Blog post 2
The readings: "The Yellow wallpaper" by Charlotte Perkins Gilman, "The Birthmark" by Nathaniel Hawthorne, and "I wandered lonely as a cloud" by William Wordsworth all portray a theme on looking at life intently and enjoy in it’s beauty. Gilman’s short story entices the readers to think about things consciously, but not too much. Hawthorne writes to compel the readers to understand that one need to accept one’s own flaws. Finally, Wordsworth reminds us that life in this world is beautiful, and that we need to stop and breathe to realize that it is worth the glance.
In “The Yellow wallpaper,” the speaker and her husband, John, move into a summerhouse for their vacation. The narrator is journaling throughout the short story, and she writes about everything that is going on because when she writes she feels free. John is a physician who thinks his wife is losing her sanity with her writing and tells her that she needs to stop. Throughout the story she continues to write despite what her husband says. The readers soon learn that being confined in a space for a while will leave someone with the free thoughts. The narrator begins to observe the wallpaper and begins to draw an image of a woman caged behind bars trying to creep her way out. The narrator begins to grow an obsession towards the wallpaper and tries to figure out what the pattern is throughout the story. This obsession soon leaves her thinking that she is also the same woman that is creeping out.
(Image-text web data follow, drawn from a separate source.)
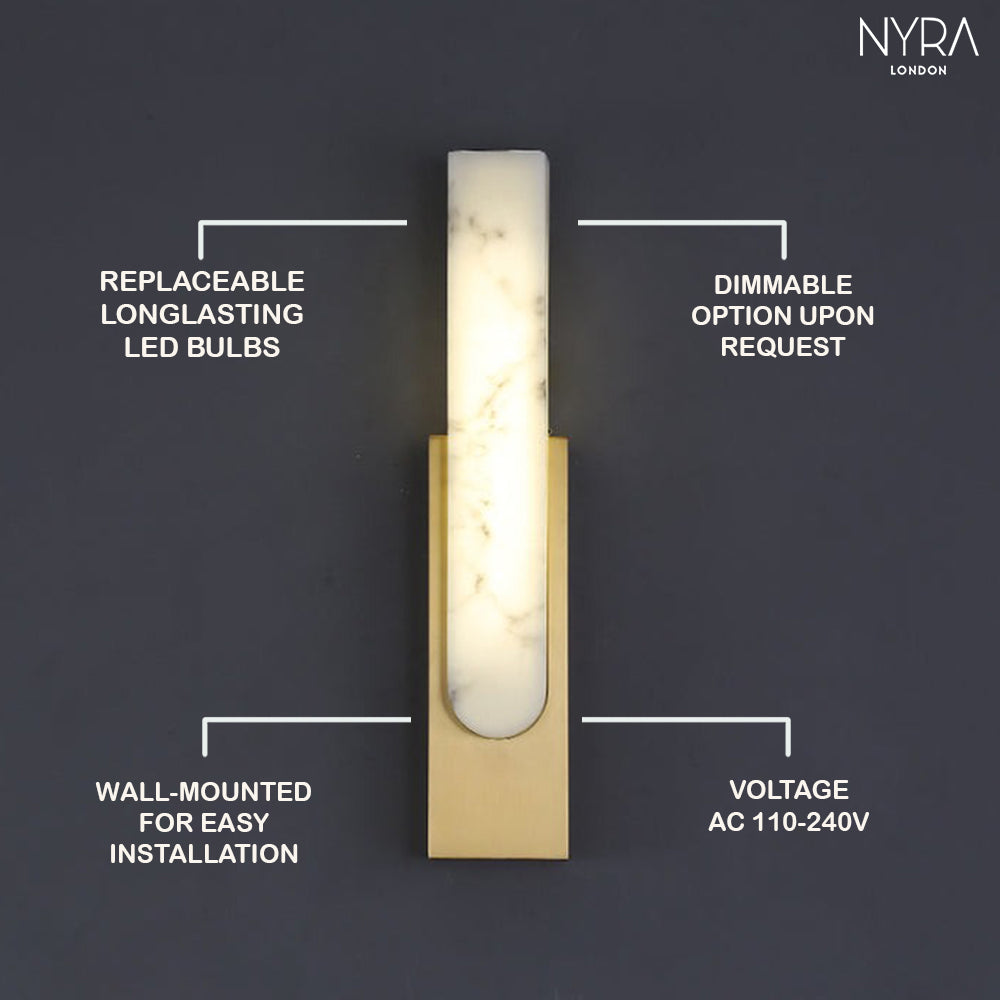 Victoria Marble Wall Light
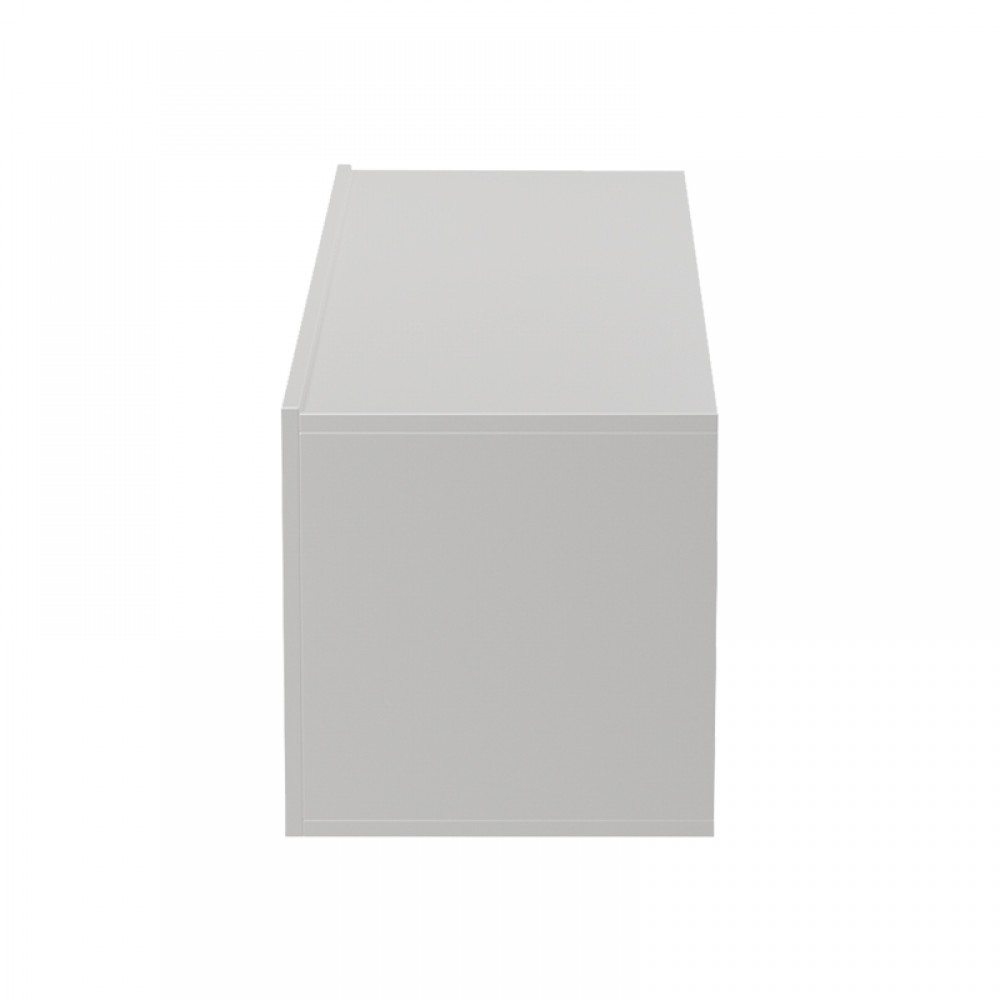 Έπιπλο τηλεόρασης επιτοίχιο Olande pakoworld sonoma-λευκό 210x35x48εκ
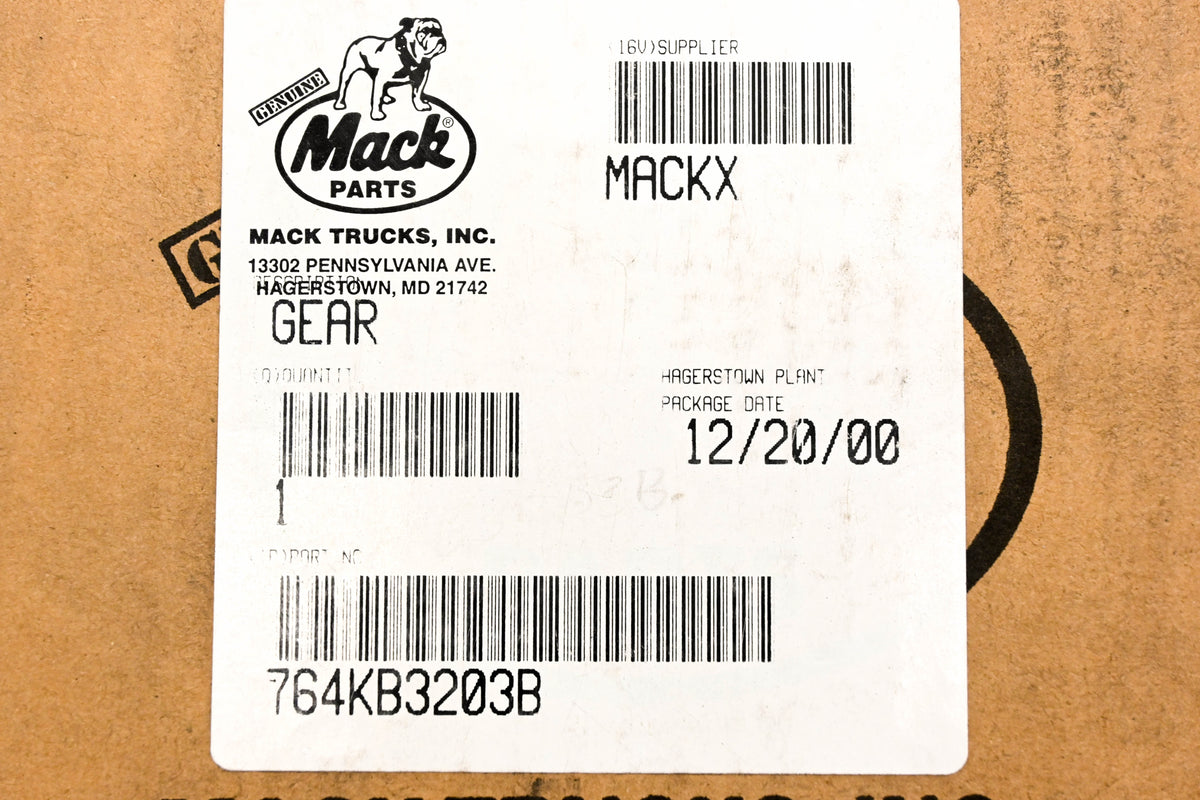 Mack 764KB3203B Main Drive Gear NOS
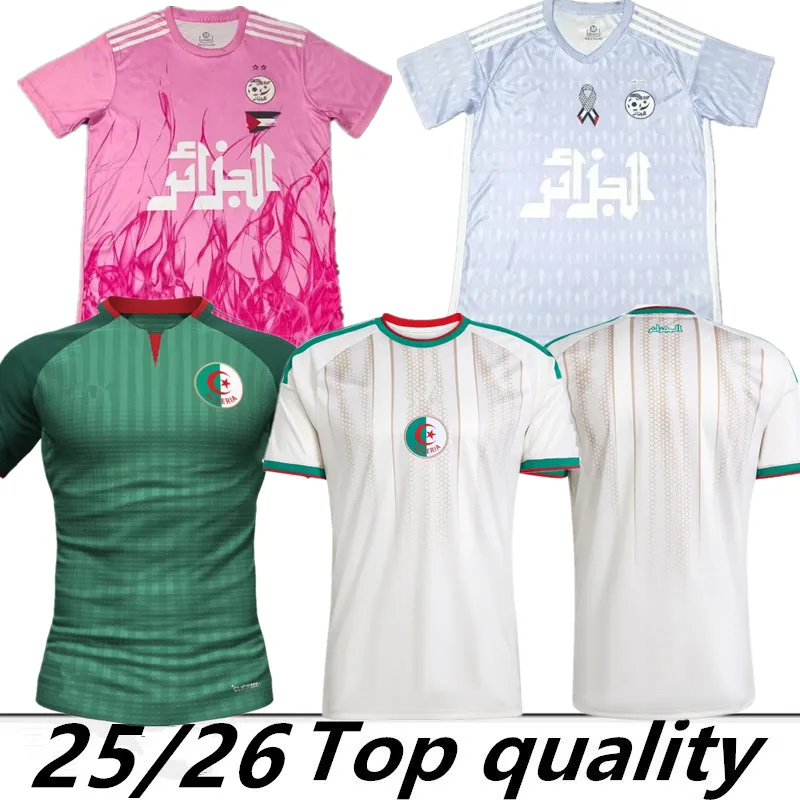 Algerie Soccer Jerseys MAHREZ 2026 World Cup Home Away BOUNEDJAH FEGHOULI BENNACER ATAL 26 25 Maillot de foot Algeria kids Algeria football shirt 2025 Africa Cup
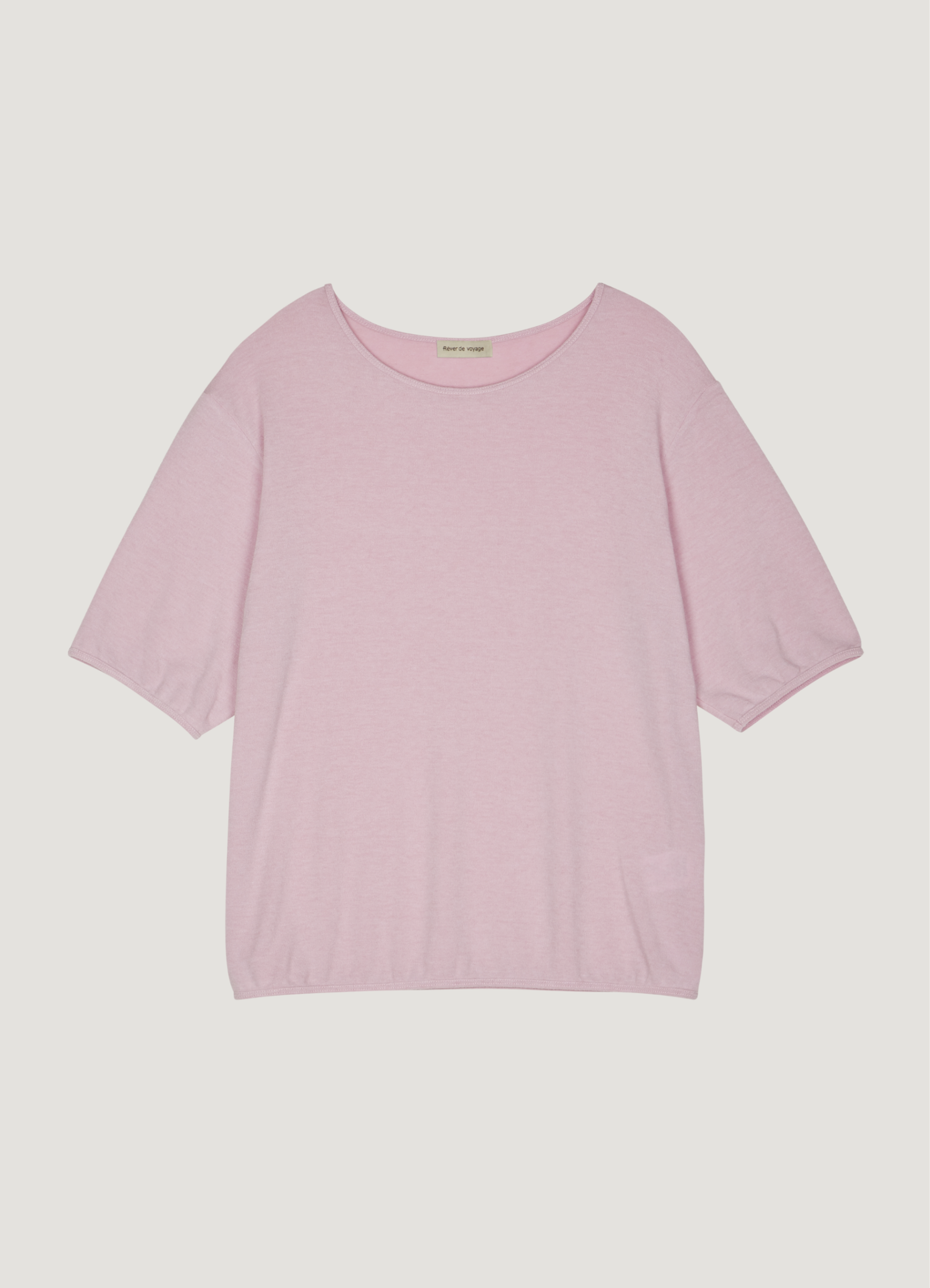 Bulky Wool Span T-shirt (Pink) Out Of Stock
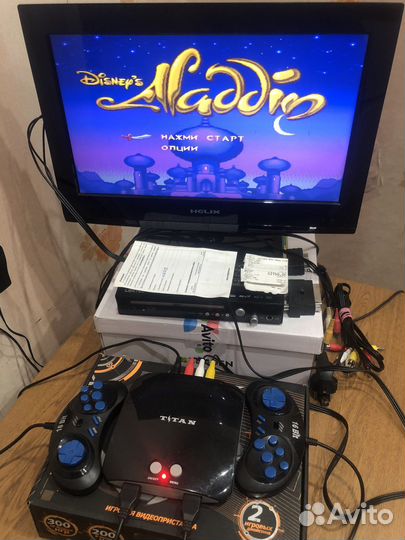 Сега денди 2в1 titan SD-картой 500 игр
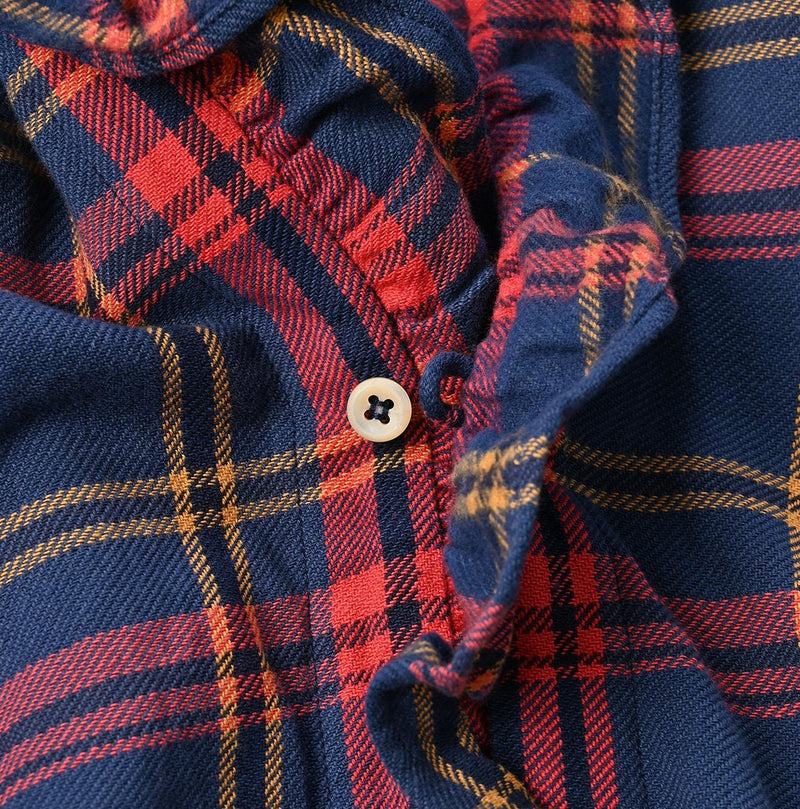 Flannel Tartan Frilled Cachecoeur (Size 2) - 45R by 45rpm studio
I believe that Gilman is trying to tell her readers to give everything a little thought, but not too much or else one will end up stressing out, or becoming obsessed.
“The Birthmark” is another short story about Georgiana and the problem that Aylmer has with her birthmark. Aylmer questions Georgiana if she has ever thought about getting the mark removed. He thinks that is her only imperfection. Georgiana reasons with Aylmer and tries to convince him that other people adored her birthmark, and she took it in a positive way. When the time came, Georgiana gave in to Aylmer and gave him permission to remove the mark. After the procedure, Georgiana looks herself in the mirror and tells Aylmer that “[he] has rejected the best the earth can offer.” She then passes. This reminded me of the book The Outsiders when Johnny Cade tells Ponyboy, “Nothing gold can stay” from Robert Frost. Our imperfections also make up whom we are, and we must look past that to realize that we are bigger and better than our bodies. To say that Aylmer lost the “best the world can offer” is appropriate, because if so many people loved her with the birthmark, why couldn’t he?
“I wandered lonely as a cloud,” reminded me of this time I went stargazing in the Shenandoah Valley with my closest friends. I remember looking up at the Milky Way, the seemingly endless lights in the sky, and thinking to myself that this is what I am missing in the city. The imagery used throughout this poem also reminded me of my flight back to Maryland from California. I did feel like a cloud “That floats high o’er vales and hills.” I saw landscapes change from dessert, to the rocky mountains, to the great lakes, and to blanket of green tress that cover the Appalachia and the east coast. The rhyme scheme (ABABCC) also made a wonderful touch to reminisce. This entire poem did not cease to bring me back to those moments of sheer joy with what the world has to offer.